● **TRY IT**
Once the pictures are removed, reproduce what is left of the data below exactly.

── DATA BLOCK ──

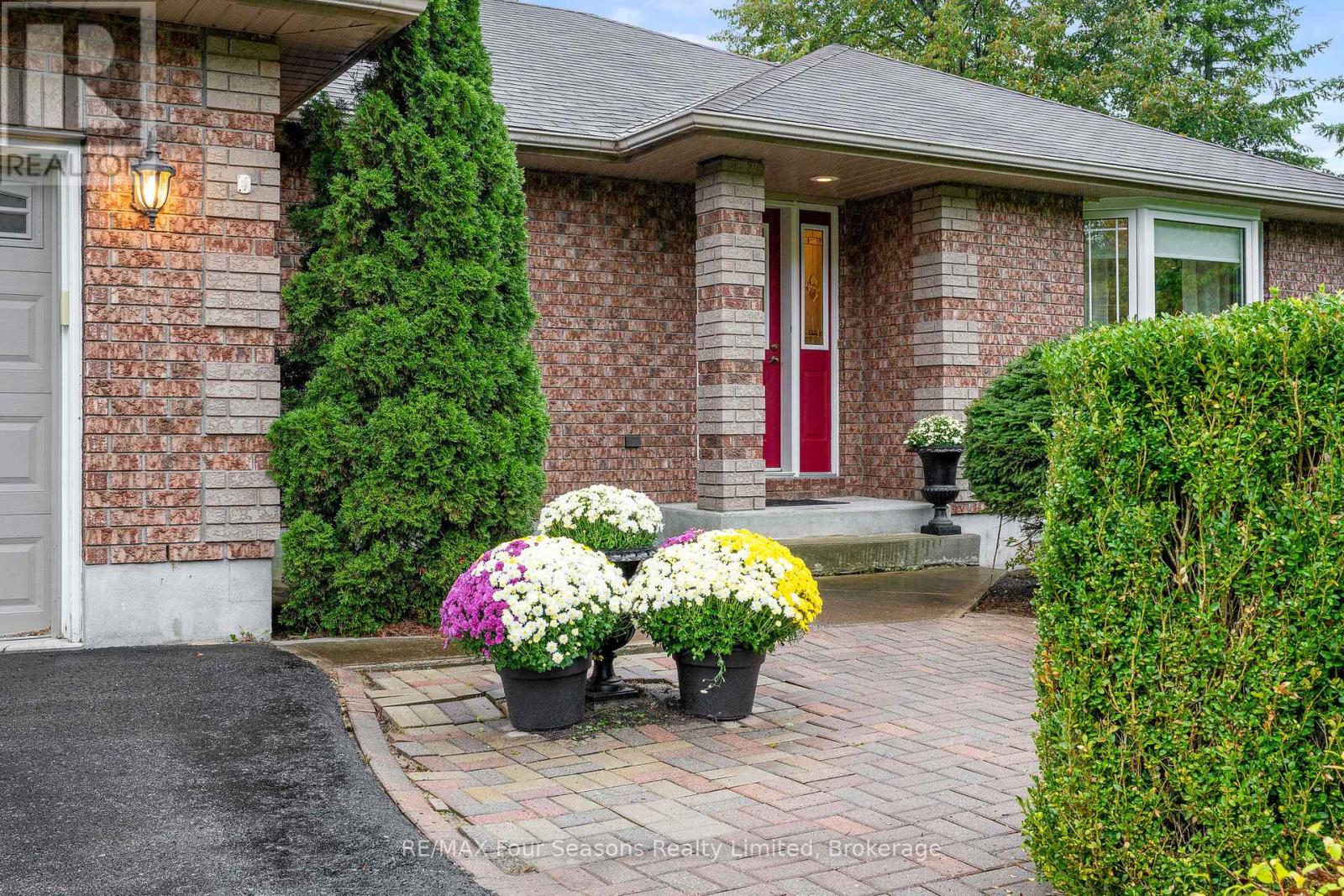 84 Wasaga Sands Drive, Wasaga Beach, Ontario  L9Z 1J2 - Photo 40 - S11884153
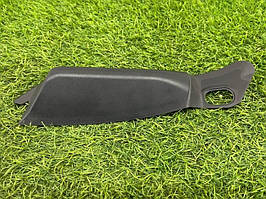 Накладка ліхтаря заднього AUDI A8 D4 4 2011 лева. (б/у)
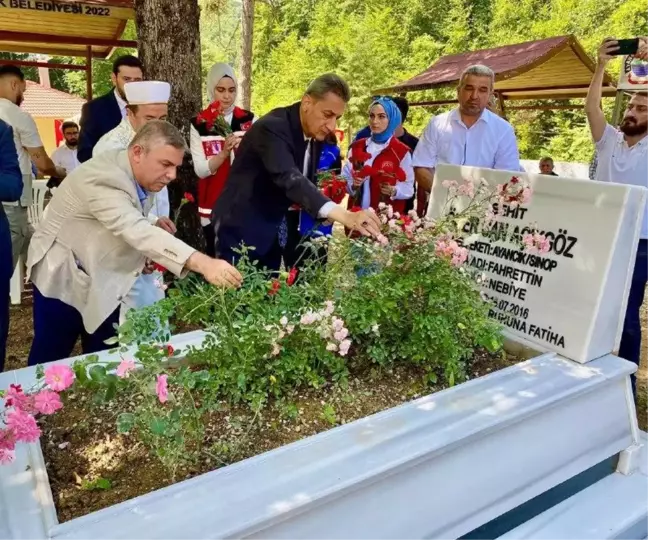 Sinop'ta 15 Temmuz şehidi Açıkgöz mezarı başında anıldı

───

● **EXERCISE ANSWER**
 84 Wasaga Sands Drive, Wasaga Beach, Ontario  L9Z 1J2 - Photo 40 - S11884153
 Накладка ліхтаря заднього AUDI A8 D4 4 2011 лева. (б/у)
 Sinop'ta 15 Temmuz şehidi Açıkgöz mezarı başında anıldı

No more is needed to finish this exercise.